[Laws by Plato]@TWC D-Link bookLaws BOOK VIII 10/28
And there naturally arose in my mind a sort of apprehension--I could not help thinking how one is to deal with a city in which youths and maidens are well nurtured, and have nothing to do, and are not undergoing the excessive and servile toils which extinguish wantonness, and whose only cares during their whole life are sacrifices and festivals and dances.
How, in such a state as this, will they abstain from desires which thrust many a man and woman into perdition; and from which reason, assuming the functions of law, commands them to abstain? The ordinances already made may possibly get the better of most of these desires; the prohibition of excessive wealth is a very considerable gain in the direction of temperance, and the whole education of our youth imposes a law of moderation on them; moreover, the eye of the rulers is required always to watch over the young, and never to lose sight of them; and these provisions do, as far as human means can effect anything, exercise a regulating influence upon the desires in general.
But how can we take precautions against the unnatural loves of either sex, from which innumerable evils have come upon individuals and cities?
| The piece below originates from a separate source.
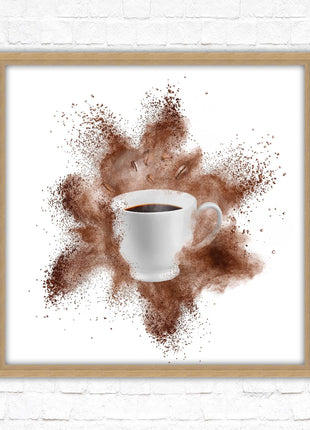 Coffee cup.Bean splash. Framed picture print. Choice of frames colours, square.
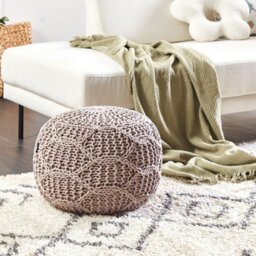 Beliani Handcrafted Macrame Pouf Ottoman Taupe Beige 50 X 50 X 35 Cm 100% Cotton With Bead Filling - thumbnail 2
How shall we devise a remedy and way of escape out of so great a danger? Truly, Cleinias, here is a difficulty. In many ways Crete and Lacedaemon furnish a great help to those who make peculiar laws; but in the matter of love, as we are alone, I must confess that they are quite against us.
For if any one following nature should lay down the law which existed before the days of Laius, and denounce these lusts as contrary to nature, adducing the animals as a proof that such unions were monstrous, he might prove his point, but he would be wholly at variance with the custom of your states.
Further, they are repugnant to a principle which we say that a legislator should always observe; for we are always enquiring which of our enactments tends to virtue and which not.